Helping people with computers... one answer at a time.
With a little planning it's possible to have an email address that does not need to change each time you change your internet provider.
Is there a way to keep my email address when I change my ISP?
Cell phone carriers are now required to let you keep your cell phone number if you switch providers but unfortunately no such requirement exists for ISPs. So probably not. But there are definitely a few things you can do this time to make it possible to keep your email when you switch next time.
If your email address includes the name of your ISP such as @aol.com, @msn.com, comcast, attbi, earthlink and so on, that email address is tied to that ISP forever. The only way you can keep that address is to keep some kind of account with that ISP.

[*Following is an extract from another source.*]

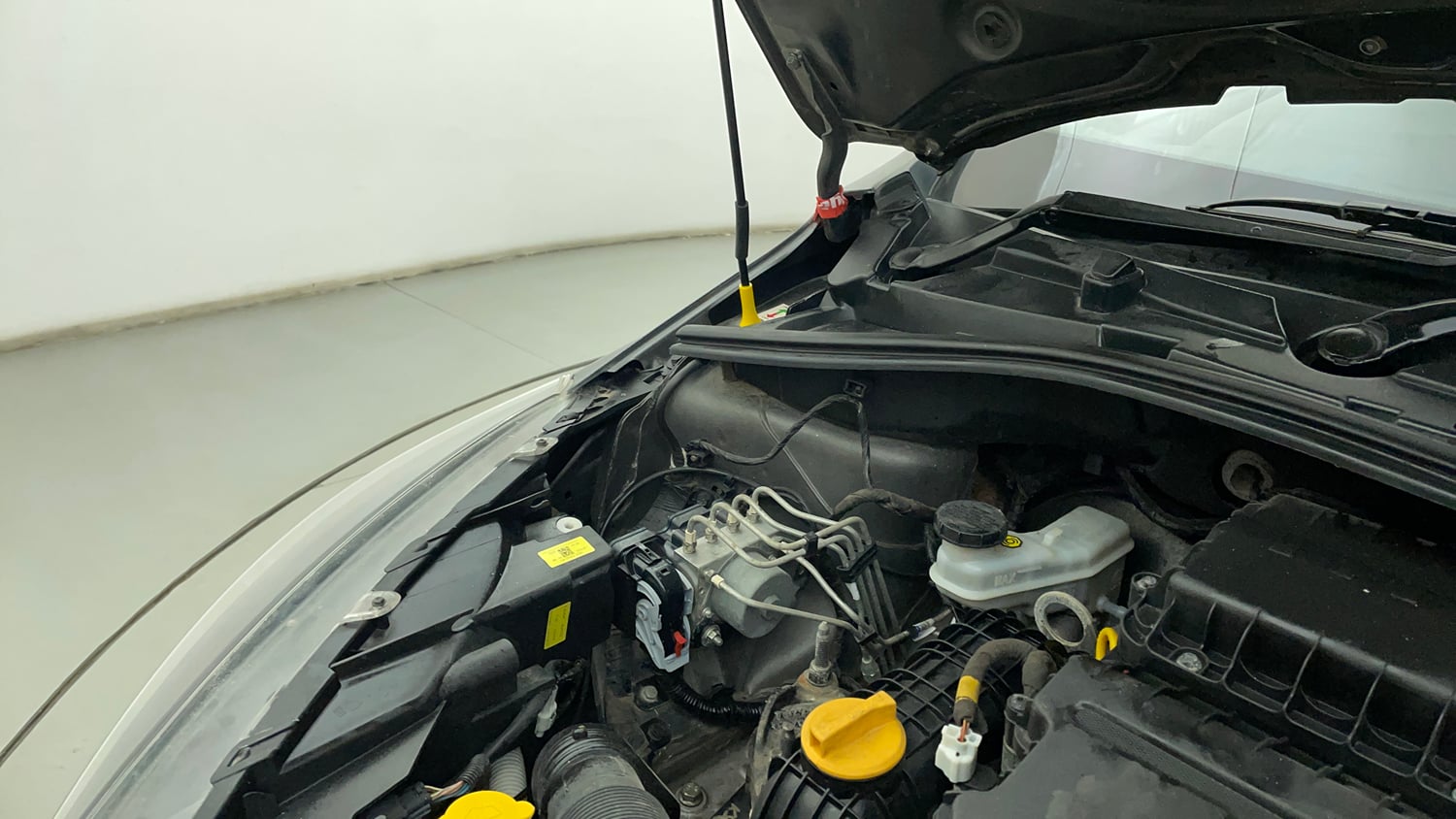 Used 2022 Tata Tiago XT (O) Petrol Manual engine ENGINE RIGHT SIDE HINGE & APRON VIEW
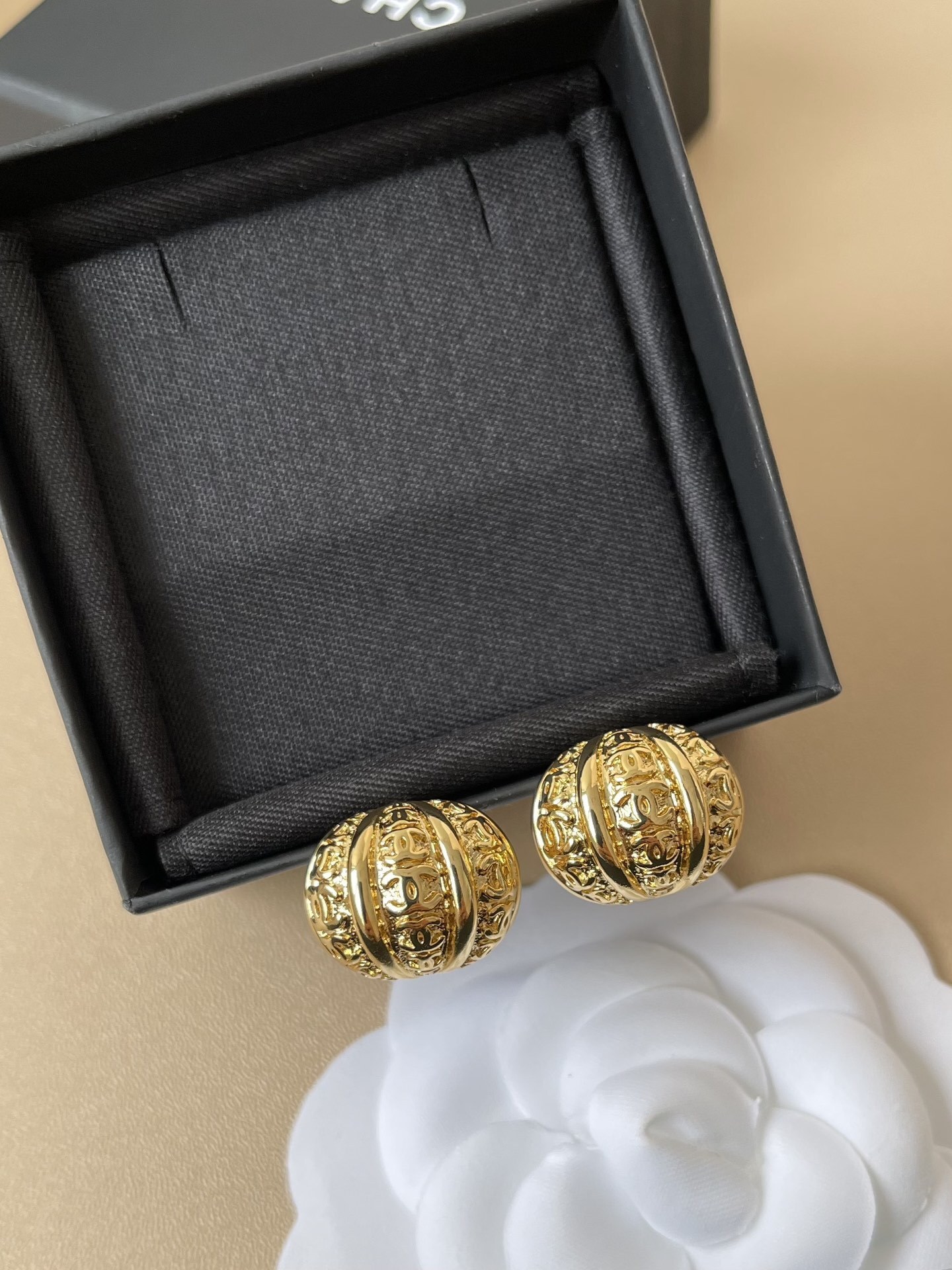 Chanel 2024/25 Métiers d'art Gold-Tone Metal Button Stud Earrings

You can however create an email address that is independent of your ISP, and therefore one you can use regardless of which ISP you have or use. There are several approaches.
Webmail: Services such as Hotmail and Yahoo Mail are based on the web and are accessible from just about anywhere. The basic service is also usually free. The downside to web based mail services is that you are tied to their service for all of your email needs. Your storage and other capabilities might be limited and as discussed here you probably won't be able to use your favorite mail program to get your mail. But as I said these services are quick, free, and ubiquitous.
Mail Forwarding Services: Another approach is to sign up with a mail forwarding service. When you sign up you are given a new email address at one of the domains the service supports. You then configure that service to forward all email received on that address to your "real" email address at your current ISP. You never hand out your ISP-based email address, only the one that goes through the forwarding service. Then when you decide to change your ISP you simply reconfigure the service to forward to your new email address. There are many services around including Netforward and Mail.com. A new spam protection service called MailBlocks can also be used in a similar way.
Your Own Domain: If all you want to do is forward email owning your own domain name isn't very complicated at all. Most of the domain registrars include mail forwarding as part of their service when you register with them. In fact the most difficult part might be finding a domain name you like that hasn't already been taken! Once you find that domain name then not only can you typically get email forwarding for one email address, but ANY email address at that domain - even made up ones - can be forwarded to the address you specify. There are several low cost domain registrars out there and right now I'm partial to Simple URL.